= Exercise aim =
Without any of its pictures, the listing below should be output exactly.

= Supplied material =
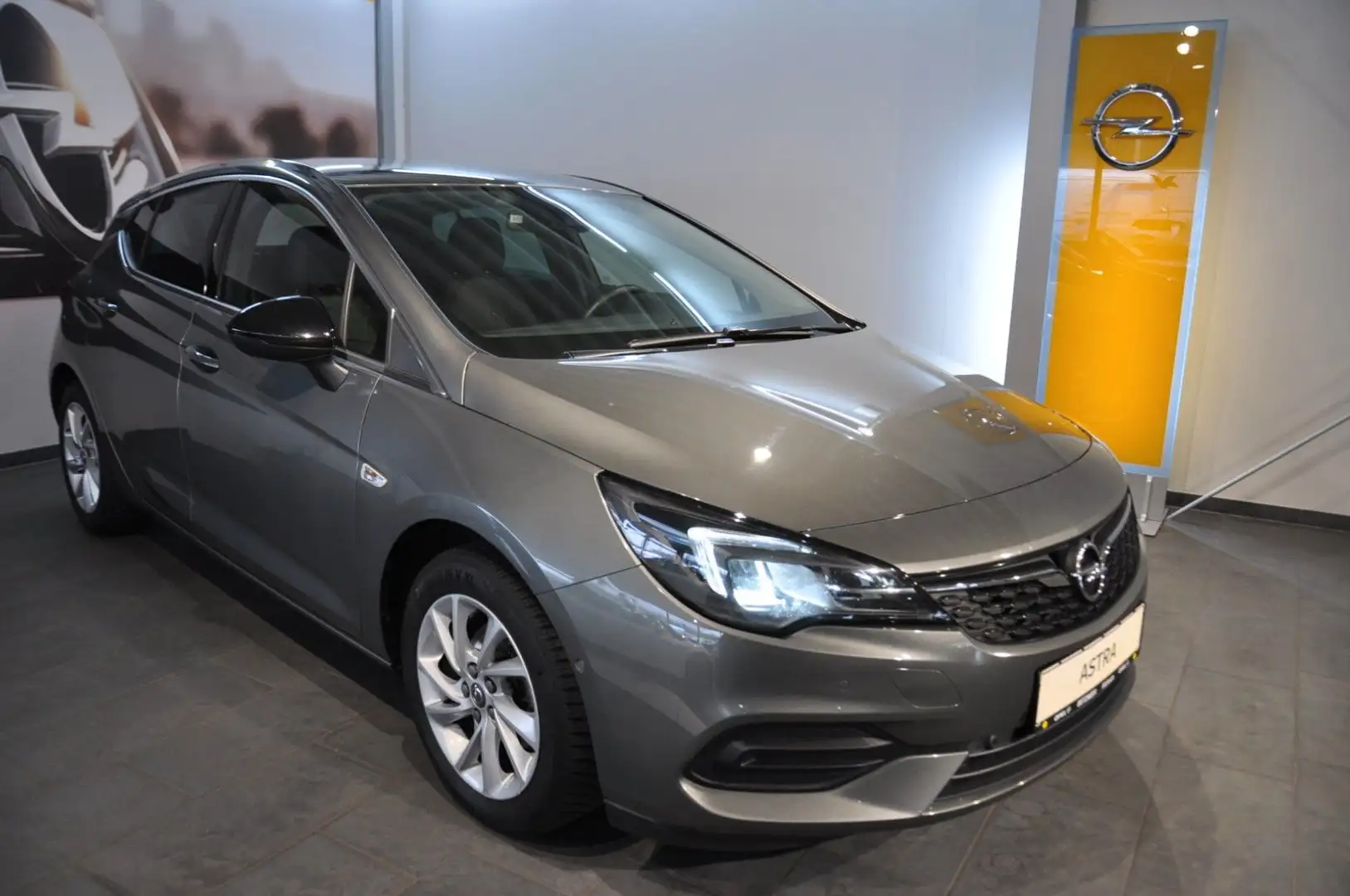 Opel Astra K Lim. 5-trg. Elegance +NAVI+KAMERA+SHZ Grigio - 1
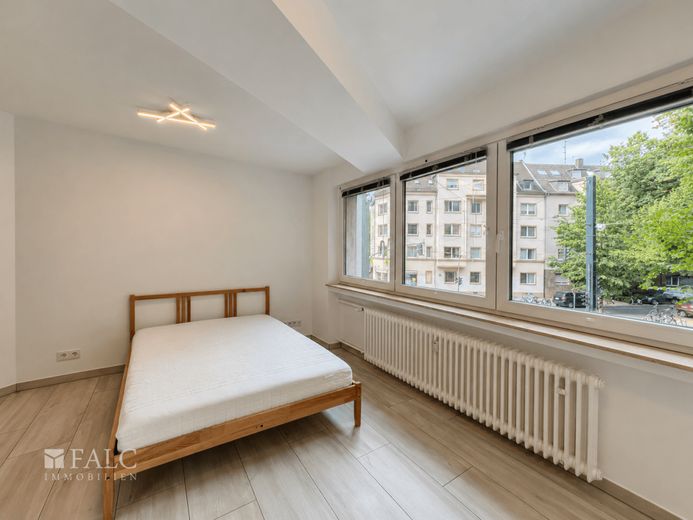 Moderne, voll möblierte 2-Zimmer-Wohnung in Bestlage von Düsseldorf-Bilk - sofort bezugsfertig – Schlafzimmer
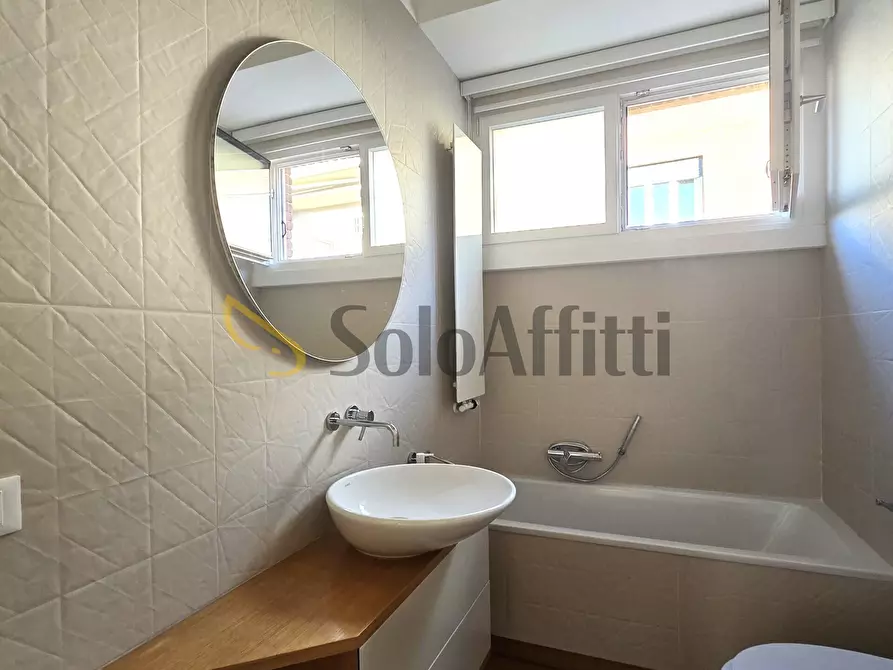 Immagine 16 di Trilocale in affitto  in Via Capo Miseno 6 a Roma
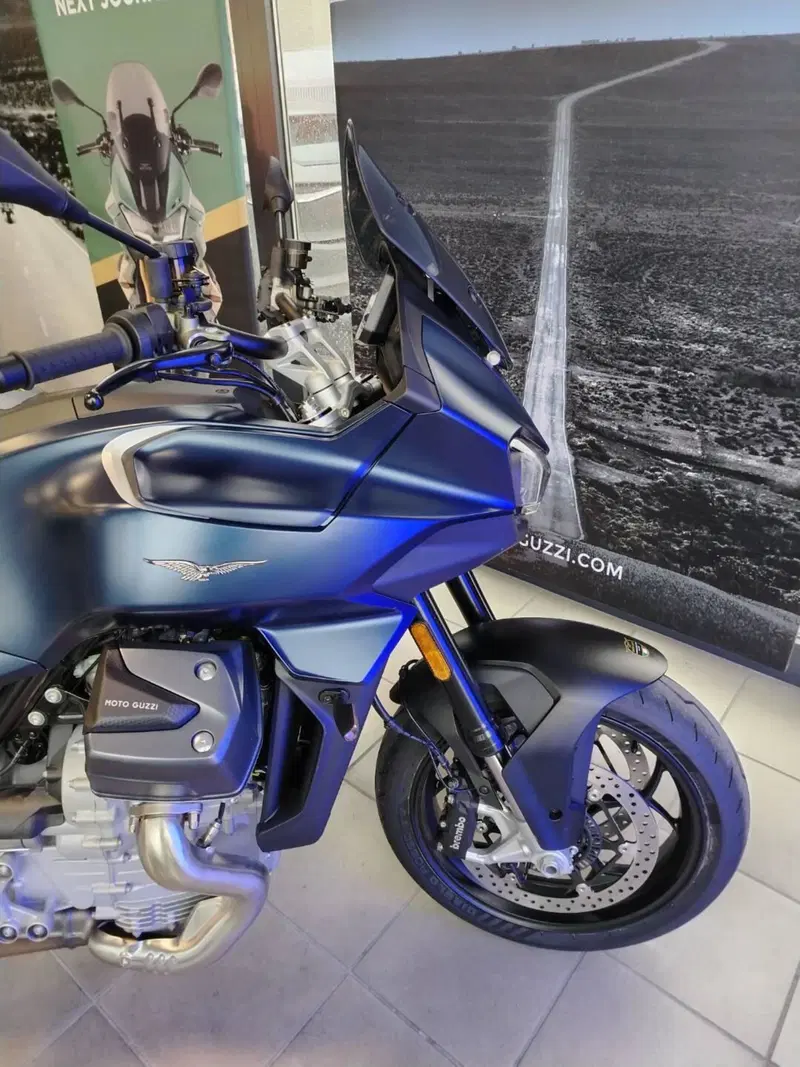 Moto Guzzi V100 Mandello (2025 - 26) (7)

= Expected answer =
 Opel Astra K Lim. 5-trg. Elegance +NAVI+KAMERA+SHZ Grigio - 1
 Moderne, voll möblierte 2-Zimmer-Wohnung in Bestlage von Düsseldorf-Bilk - sofort bezugsfertig – Schlafzimmer
 Immagine 16 di Trilocale in affitto  in Via Capo Miseno 6 a Roma
 Moto Guzzi V100 Mandello (2025 - 26) (7)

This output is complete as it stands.